5 Ekim 1979, Hafta Sonu gazetesinin manşeti ülke gündemine bomba gibi düştü: İçişleri Bakanı Hasan Fehmi Güneş, şarkıcı Aynur Aydan ile “yakalanmıştı”. Güneş’in ertesi gün Başbakan Bülent Ecevit’e istifasını sunmasıyla siyasi tarihimize “bakan düşüren kadın” maddesi eklenmiş oldu. Bugünden bakınca olayın en ilginç bölümü istifa gibi geliyor bana. Ne yolsuzluk var işin içinde ne rüşvet ne de mafya ilişkisi... Bakan olan biteni birkaç yalanla idare etse, gündemi değiştirse, bugünün tabiriyle “görevinden affını istemese” unutulup giderdi belki de. Zaten Bülent Ecevit ona “Şimdi seçim dönemi, istifa etmesen unutulur gider” demişti. 1979 Ekim’i sadece yaklaşan ara seçimlerle değil, bir yıl içinde yaşananlarla da Türkiye için epeyce çetrefilli bir zaman dilimiydi. Hasan Fehmi Güneş, 120 kişinin ölümüne yol açan Kahramanmaraş katliamının ardından görevden ayrılan İrfan Özaydınlı’nın yerine geleli dokuz ay, Abdi İpekçi öldürüleli sekiz buçuk ay olmuştu. Ülke adım adım darbeye yaklaşıyor, Adalet Partisi Genel Başkanı Süleyman Demirel “Bu gidiş Allende gidişi” diyordu.
Tuzak iddiaları
Bu gerginliğin ortasına düşüverdi Aynur Aydan.
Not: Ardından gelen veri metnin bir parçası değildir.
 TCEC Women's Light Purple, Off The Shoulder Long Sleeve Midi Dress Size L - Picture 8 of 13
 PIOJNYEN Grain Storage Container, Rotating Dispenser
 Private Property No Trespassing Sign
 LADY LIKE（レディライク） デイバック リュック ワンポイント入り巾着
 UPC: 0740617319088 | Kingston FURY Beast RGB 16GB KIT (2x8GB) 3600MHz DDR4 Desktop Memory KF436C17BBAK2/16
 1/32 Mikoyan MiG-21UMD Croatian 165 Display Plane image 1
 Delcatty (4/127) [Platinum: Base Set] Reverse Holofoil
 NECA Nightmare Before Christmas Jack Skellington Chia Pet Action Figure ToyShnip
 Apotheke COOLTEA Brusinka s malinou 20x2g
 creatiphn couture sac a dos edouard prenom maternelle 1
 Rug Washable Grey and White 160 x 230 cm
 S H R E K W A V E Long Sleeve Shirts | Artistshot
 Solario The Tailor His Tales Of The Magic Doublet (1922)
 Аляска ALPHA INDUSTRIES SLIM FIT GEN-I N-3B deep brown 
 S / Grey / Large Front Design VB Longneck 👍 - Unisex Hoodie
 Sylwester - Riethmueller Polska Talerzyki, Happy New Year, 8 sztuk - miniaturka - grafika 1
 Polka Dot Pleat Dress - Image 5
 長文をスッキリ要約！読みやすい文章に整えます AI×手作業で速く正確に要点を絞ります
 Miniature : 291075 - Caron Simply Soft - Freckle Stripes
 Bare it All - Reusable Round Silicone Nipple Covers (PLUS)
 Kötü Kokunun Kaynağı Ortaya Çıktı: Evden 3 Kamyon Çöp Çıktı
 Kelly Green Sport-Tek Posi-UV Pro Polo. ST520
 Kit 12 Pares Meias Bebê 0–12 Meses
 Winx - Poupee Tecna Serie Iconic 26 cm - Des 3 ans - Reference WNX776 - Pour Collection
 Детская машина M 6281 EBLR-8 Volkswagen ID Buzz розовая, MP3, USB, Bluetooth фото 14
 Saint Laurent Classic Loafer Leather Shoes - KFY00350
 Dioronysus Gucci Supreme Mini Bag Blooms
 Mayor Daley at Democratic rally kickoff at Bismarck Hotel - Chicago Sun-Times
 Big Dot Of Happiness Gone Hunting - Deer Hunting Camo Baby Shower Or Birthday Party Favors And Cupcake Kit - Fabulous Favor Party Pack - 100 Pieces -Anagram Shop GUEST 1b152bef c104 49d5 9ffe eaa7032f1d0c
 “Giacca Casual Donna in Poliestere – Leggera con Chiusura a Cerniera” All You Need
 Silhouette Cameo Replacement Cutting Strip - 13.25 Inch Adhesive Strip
Kısa süre içinde Aydan’ın AP’ye yakın olduğu, Güneş’e tuzak kurduğu dedikoduları yayıldı ortalığa. Yıllar sonra ise Mahir Kaynak eliyle şu bilgi serildi önümüze: Bu bir CIA-MOSSAD komplosuydu! Güneş, Abdi İpekçi cinayetiyle “fazla” ilgileniyor, durdurulması gerekiyordu. (1987 yılında bir Hürriyet manşeti işi daha da ileriye taşımıştı. Buna göre İpekçi’nin katili Mehmet Ali Ağca o dönemde Aynur Aydan’ın evinde saklanmıştı.) Bakan Güneş’in İpekçi cinayetine olduğu kadar Kahramanmaraş katliamına gösterdiği ilginin rahatsız ettiği insanlar vardı. Nitekim katliamın 33’üncü yılında “Faşist bir plandı” diye anlatacaktı; “Engel olmayı bırakın, MİT bizzat katkı yaptı.” Bazen filmin başına ancak sonunu bilince anlam verebiliyoruz. “Bakan düşüren kadın” olayının da basit bir magazin haberi olmanın ötesine geçtiğini kavramak zaman alacaktı. Tıpkı Yassıada mahkemesinde Menderes’in Ayhan Aydan ve Suzan Sözen ile ilişkilerinin yargılamaya “alet” edildiğinin anlaşılması gibi... Geç ve güç.
“Kaset değil, komplo”
Hasan Fehmi Güneş 42 yıl içinde bu konuda neredeyse hiç konuşmadı. Nadiren sarf ettiği cümlelerden birini 2002’de Vatan gazetesinde okumuştuk: “İstifa, gerçek bir Cumhuriyet Halk Partili’nin yapması gereken bir hareketti. Kendi yanlışımı kendim cezalandırdım. Gereğini yaptım.” Edindiği sıfatın hayatı boyunca Aydan’ın peşini bırakmadığını tahmin etmek zor değil. Onu bırakmayan tek şey bu değildi, duyguları da tazeydi. Muhtelif söyleşilerde Güneş’e hala aşık olduğunu, sigara paketini sakladığını, onu hiç unutmadığını anlattı. 2011 yılında siyasete bu kez doğrudan adım atmayı deneyip AK Parti’den İstanbul milletvekili aday adayı olduysa da daha ileri gidemedi. 2010 yılında benzer bir olayın aktörü, dönemin CHP Genel Başkanı Deniz Baykal oldu. Baykal’ın CHP’li bir kadın milletvekiliyle ilişkisini gözler önüne seren videonun internete düştüğü günü dün gibi hatırlıyorum. Baykal “Kaset değil, komplo” demiş, sonra da genel başkanlık görevinden istifa etmişti. CHP açısından olduğu kadar ülke açısından da “hiçbir şeyin eskisi gibi olmayacağı” anlardan biriydi. Bu olay sadece Baykal’ın değil, ondan sonra genel başkanlık koltuğuna oturan Kılıçdaroğlu’nun sırtında da bir yüke dönüştü.